Then they moved from taking rents to effective rents, including rent escalations, rent concessions, and tenant improvement allowances. They attempt to create a discount rate from future cash inflows and outflows that would allow consideration of capital opportunity cost or comparisons of returns. "Aggregating each of these components allows us to compare different transactions with different cash flow schedules to accurately assess the relative value of each transaction," they wrote.

Something they found of particular interest was a parallel for the tenant improvement allowances — real Treasury bond yields. "With our custom equation, we can estimate the TI values needed to construct an effective rent series dating back to 2010 across all 61 of EA's Tier 1 markets," they wrote.

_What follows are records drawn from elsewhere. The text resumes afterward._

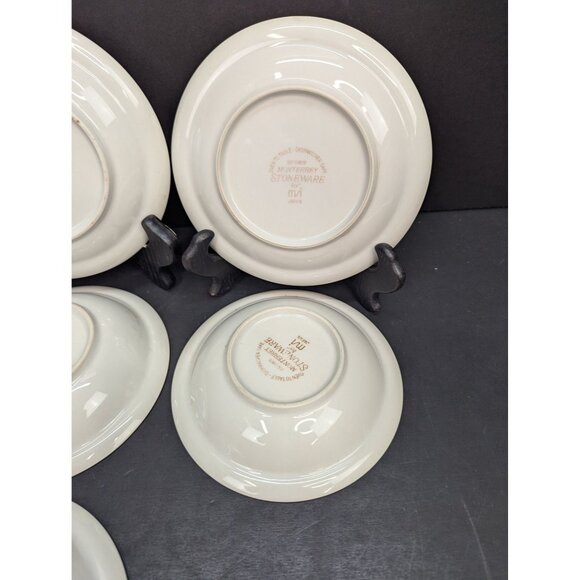 Brown Monterrey Stoneware By MSI Japan Replacement 2 Bread Plate 3 Berry Bowls - Picture 8 of 10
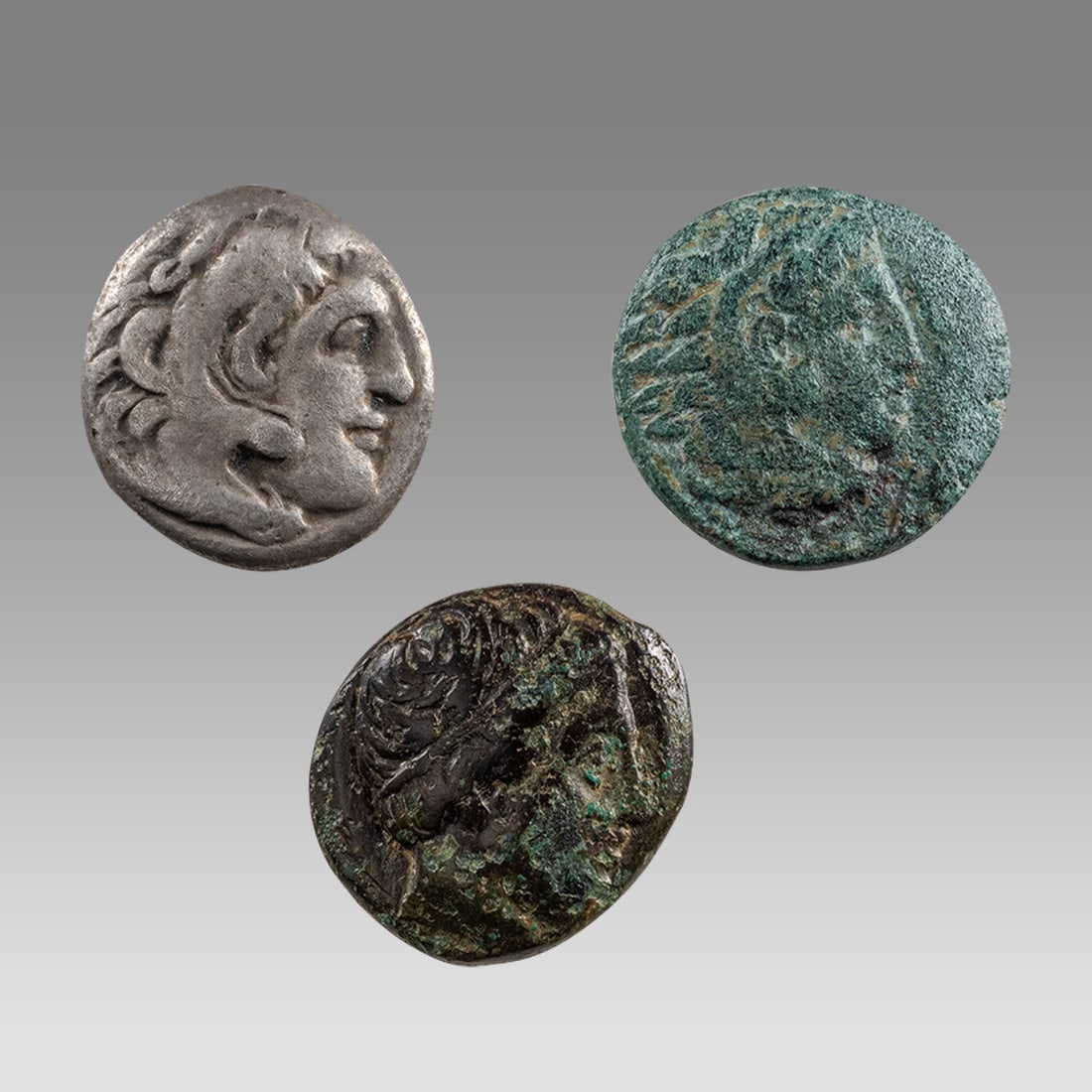 Ancient Greek Alexander The Great Silver Drachm, Bronze Alexander, Philip II c.35-323 BC. (1 of 2)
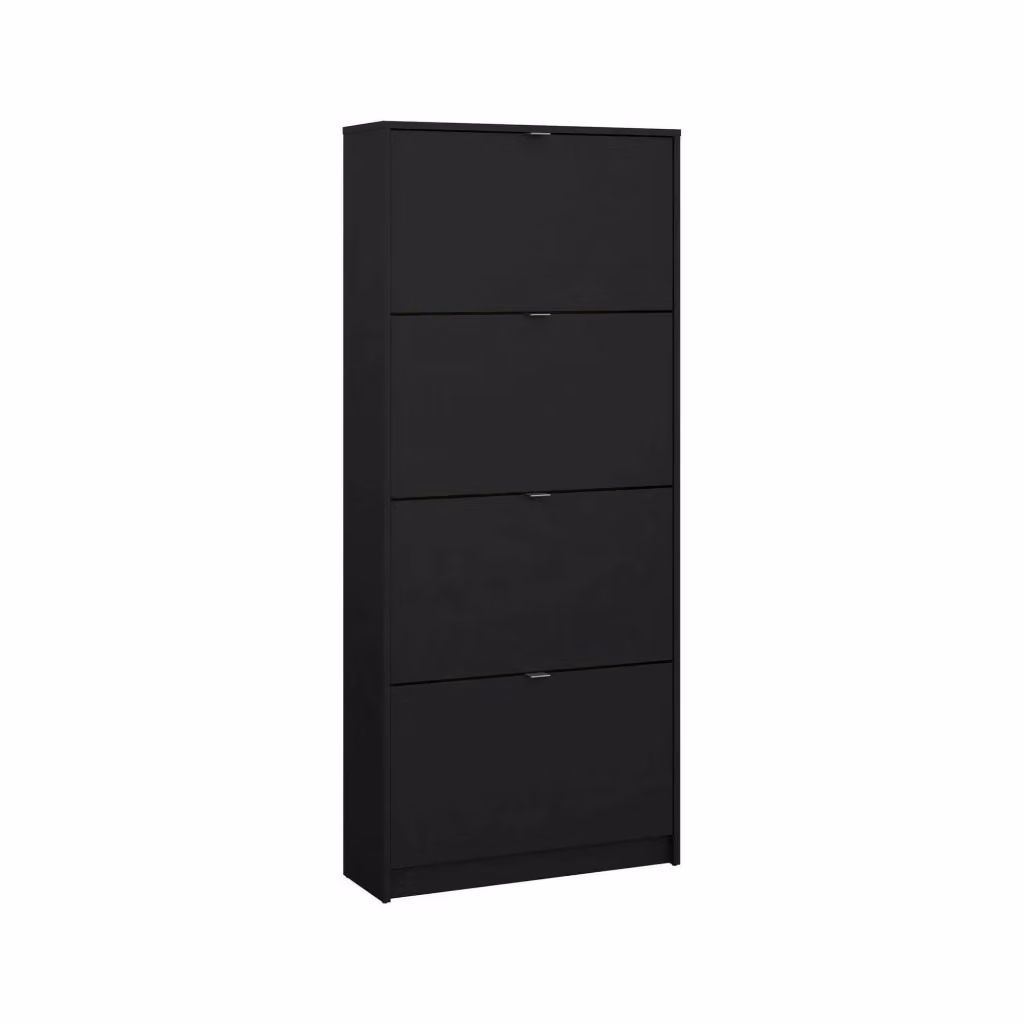 Scarpiera Epidoto DMORA, Mobile porta scarpe e armadio da ingresso moderno in MDF, Nero, L: 70,3 cm, P: 24,05 cm, H: 162 cm – 2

In a time analysis, CBRE found that asking rents are up 1% over the first quarter of 2020. That may sound positive, but it means that even as other parts of CRE saw large increases in 2021 and 2021, to then lose a significant portion, office is essentially back where it started in that measure. Effective rents are 11% below the 2020 Q1 figures. "Further, the national EA Effective Rent figure now represents a 40% discount to EA Asking Rents, and a 33% discount to EA Taking Rents," they wrote. "This compares to Q1 2020 when the ask-to-effective discount was tighter at 33%."

And when it comes to effective rents, some major metropolitan areas are moving sharply off from the national average. "For example, in Atlanta asking rents have increased 5.6% since Q1 2020, but the combination of concessions and post-negotiation discounts have caused effective rents to fall 6.6%," they wrote. "Similarly, in Manhattan asking rents have fallen 3.3% – notably more than the national figure, which has been flat. But the decline in effective rents is 17.3% for Manhattan compared with 11% nationally."